Lets say we have two datasets, with different schemas. We would like to take a union of these two datasets and use it for further processing. Clearly, we would have to first transform the two datasets to convert them to same schema. As an example,

// Inputs:
pv = LOAD "pageviews.avro" USING AVRO; // memberId:LONG, page_key:STRING
search = LOAD "searches.avro" USING AVRO; //  memberId:LONG, query:STRING

// Trasformation of pageviews
dimTable = LOAD CACHED "dimTable" USING AVRO; // page_key:STRING, search_type: STRING
pv1 = HASH-JOIN pv BY page_key, dimTable BY page_key;
pv1 = FROM pv1 GENERATE pv___memberId AS memberId, dimTable___search_type AS search_type;

// Transformation of searches
search1 = FROM search GENERATE memberId, CASE (query MATCHES "*people*", "PEOPLE", true, "OTHER") as search_type;

// pv1 and search1 have the same schema now
// we desire union of pv1 and search1

In general, the UNION pattern involves more than one input dataset (each with different schema), where each dataset is transformed separately to convert them into common schema.

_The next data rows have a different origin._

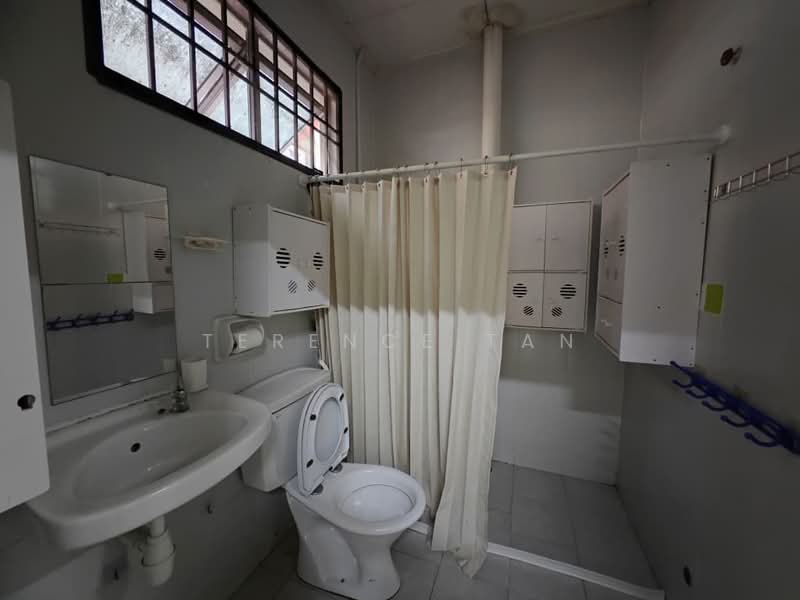 Taman Desa Tebrau untuk Untuk Dijual - RM 690,000, Apr 2026 - Bathroom - PropertyGuru.com.my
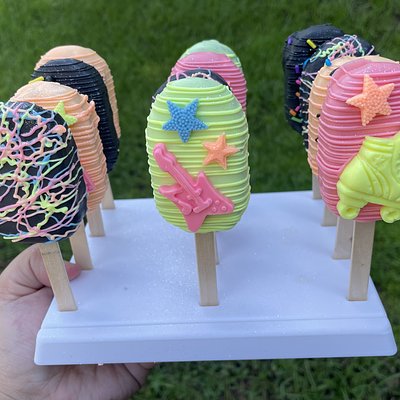 Cakesicles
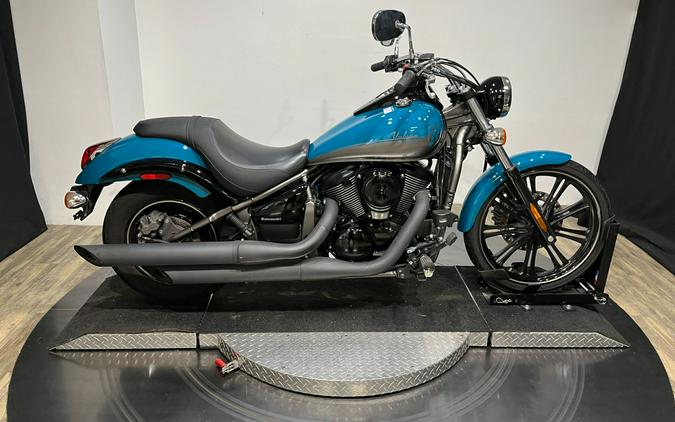 2022 Kawasaki Vulcan 900 Custom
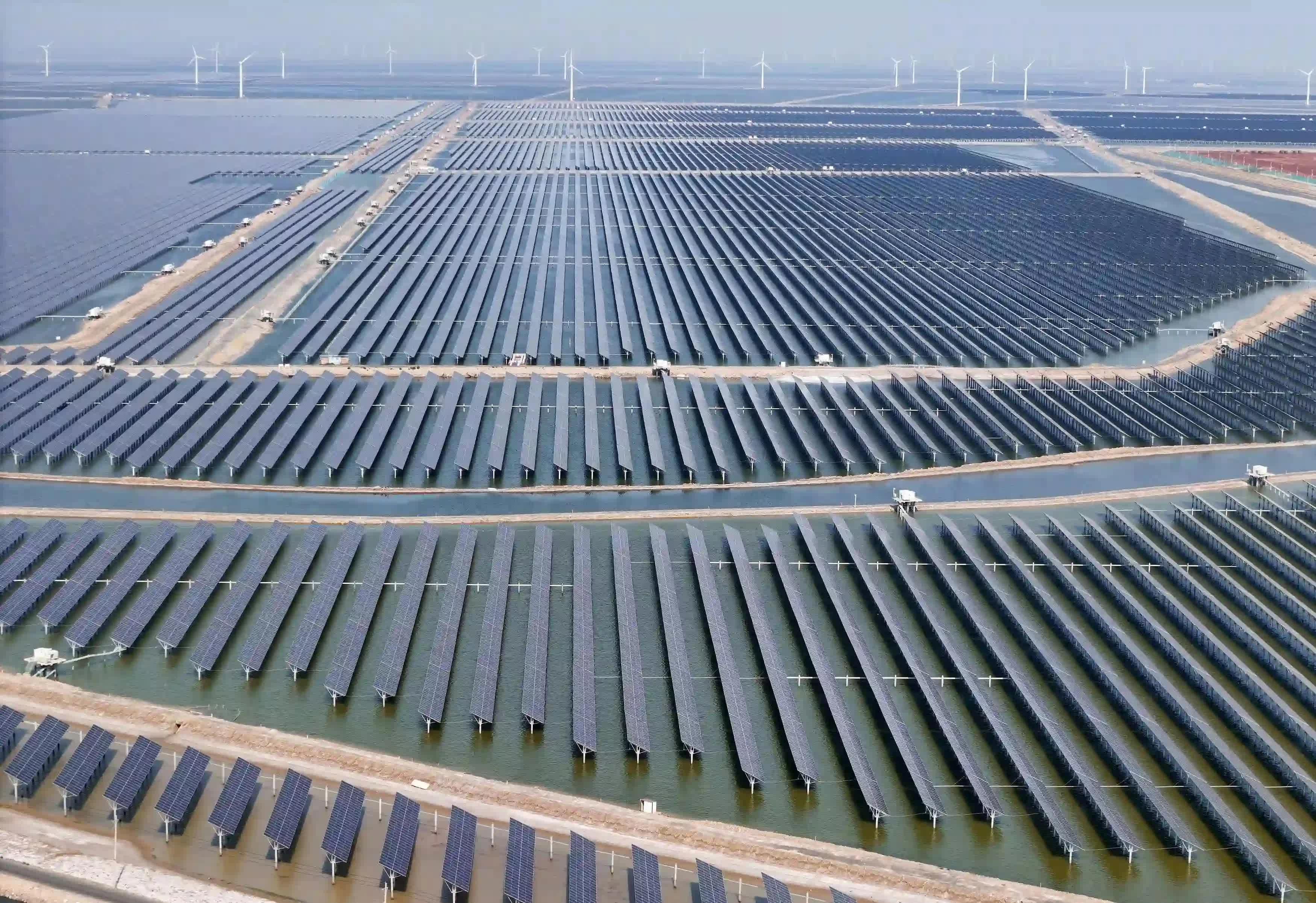 Polysilicon là nguyên liệu đầu vào quan trọng trong chuỗi sản xuất chất bán dẫn và pin mặt trời, giữ vai trò đáng kể đối với an ninh chuỗi cung ứng công nghệ và năng lượng. (Nguồn: SCMP)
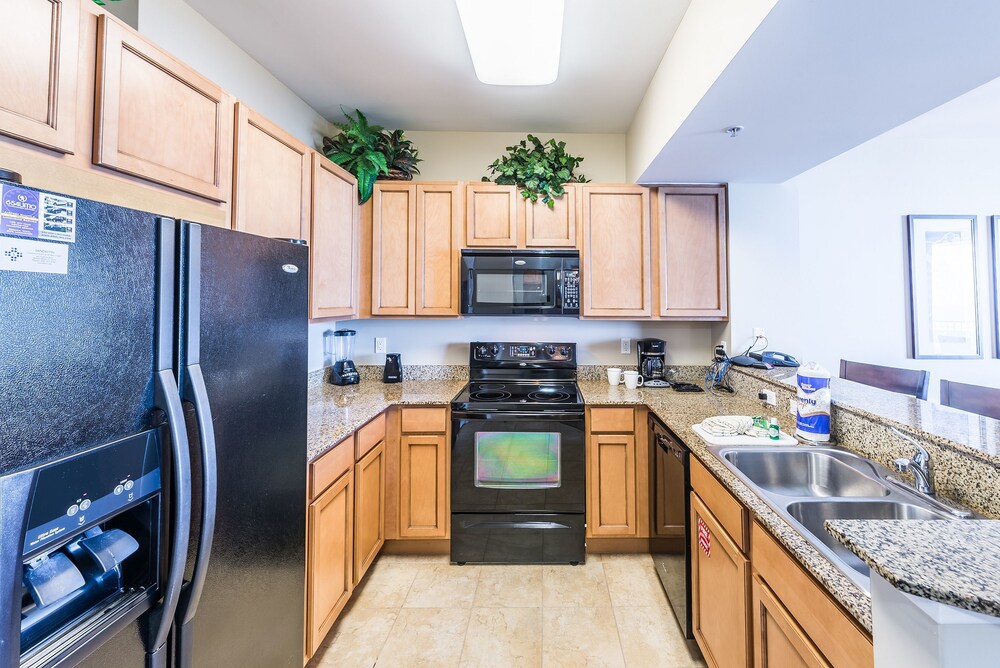 Junior Condo, 2 Bedrooms, 2 Bathrooms - In-Room Kitchen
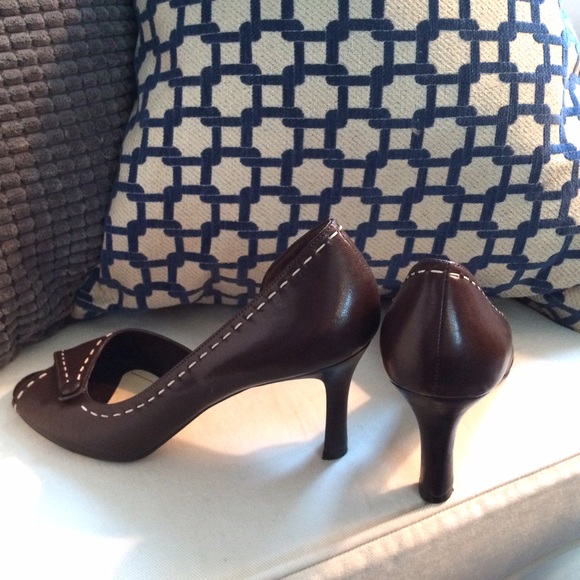 Vintage Inspired Peep Toes - Picture 3 of 4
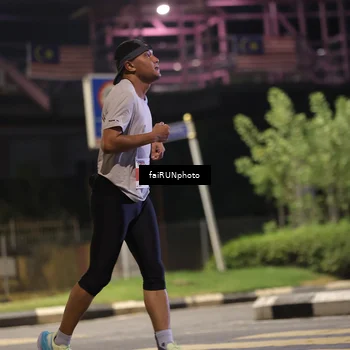 Runner Photo 4711569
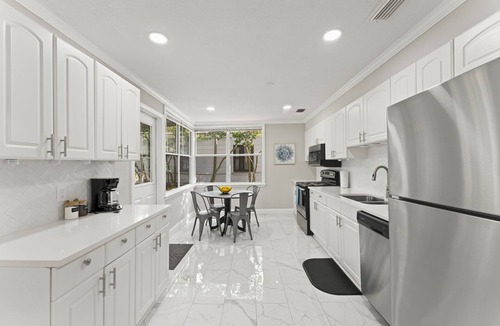 Avondale Apartment | This apartment is a 3 bedroom(s), 2 bathrooms, located in Jacksonville, FL.
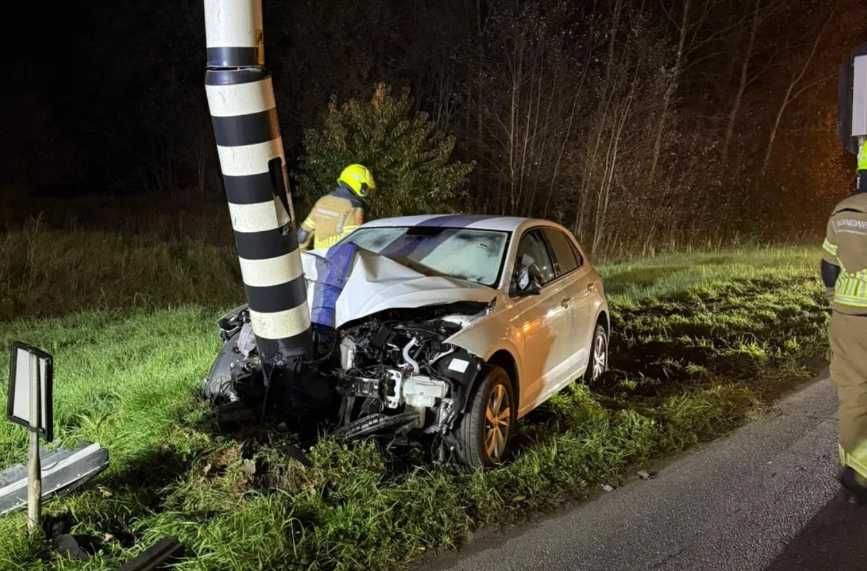 Dronken automobilist ramt verkeerslicht op knooppunt Hooipolder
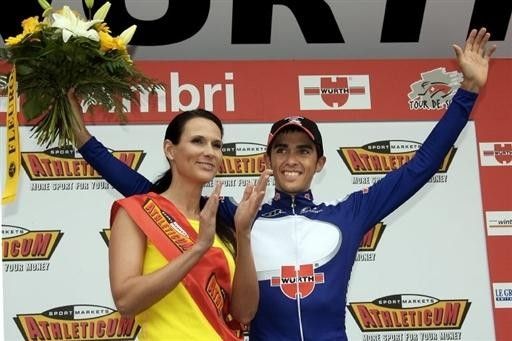 Alberto Contador (Wurth) gets a podium cheer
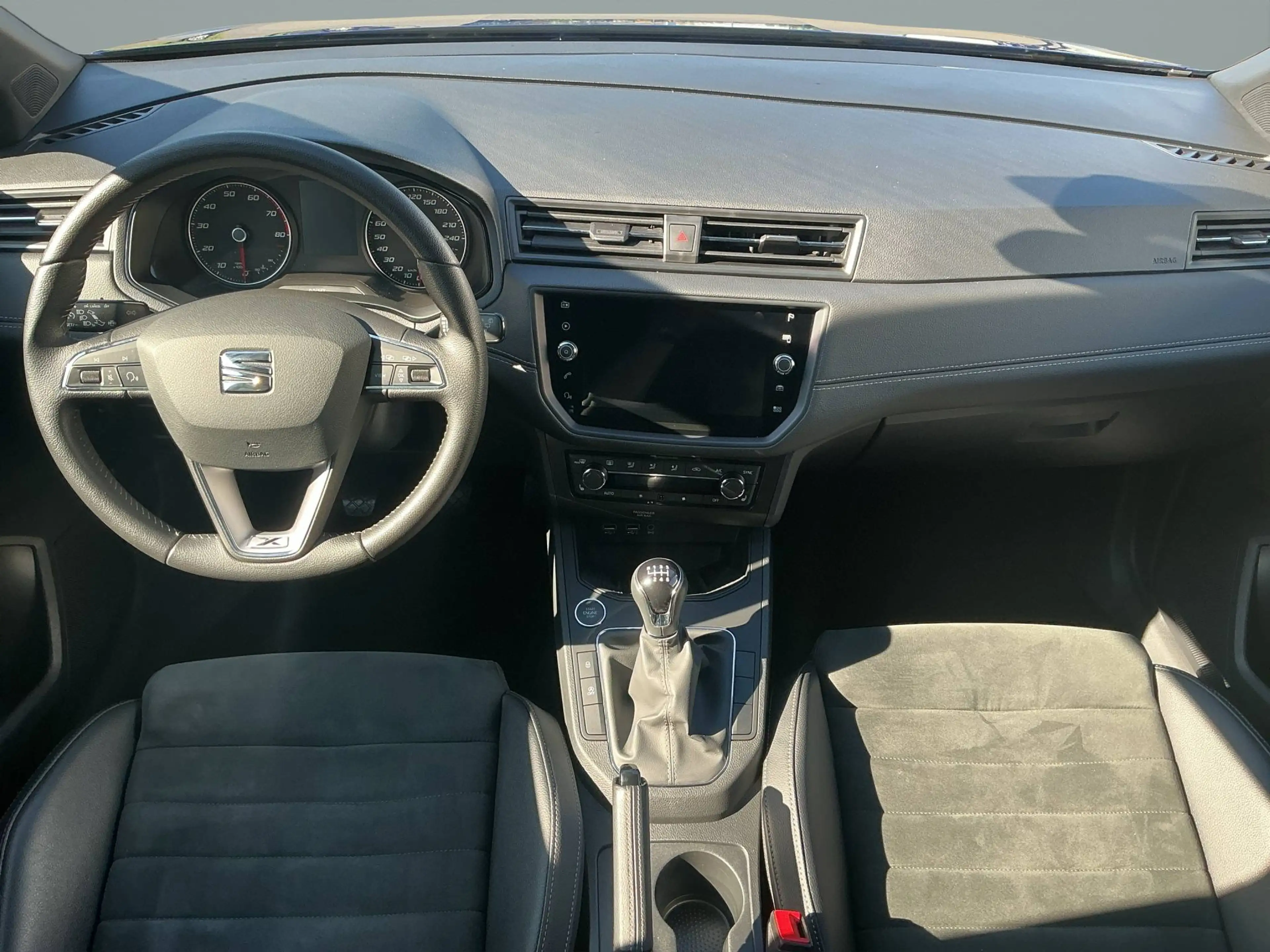 SEAT Ibiza Xcellence 1.0TSI 85kW — photo 11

The UNION pattern is accomplished in Cubert Script by using multiple MAP { } code block in the same job. The above example would be written as follows:

JOB "example of UNION PATTERN"
        REDUCERS 100;
        MAP {
                pv = LOAD "pageviews.avro" USING AVRO; // memberId:LONG, page_key:STRING
                pv1 = HASH-JOIN pv BY page_key, dimTable BY page_key;
                mbr_search = FROM pv1 GENERATE pv___memberId AS memberId, dimTable___search_type AS search_type;
        }
        MAP {
                search = LOAD "searches.avro" USING AVRO; //  memberId:LONG, query:STRING
                mbr_search = FROM search GENERATE memberId, CASE (query MATCHES "*people*", "PEOPLE", true, "OTHER") as search_type;
        }
        SHUFFLE mbr_search PARTITIONED ON memberId;
        REDUCE {
                // reduce operators
        }
        STORE output INTO "output" USING AVRO;
END

The above is called the multi-mapper idiom. Notice that the last block in each mapper have the same name (mbr_search, in the example). This is a requirement and the cubert compiler will report error if the last block in the mappers do not have identical name.

In the above example, we applied a simple SHUFFLE to the union data. We could also have used other shuffle operators (BLOCKGEN, CUBE-ADDITIVE or CUBE-COUNT-DISTINCT) or store it directly to the filesystem (i.e. a Map-only job).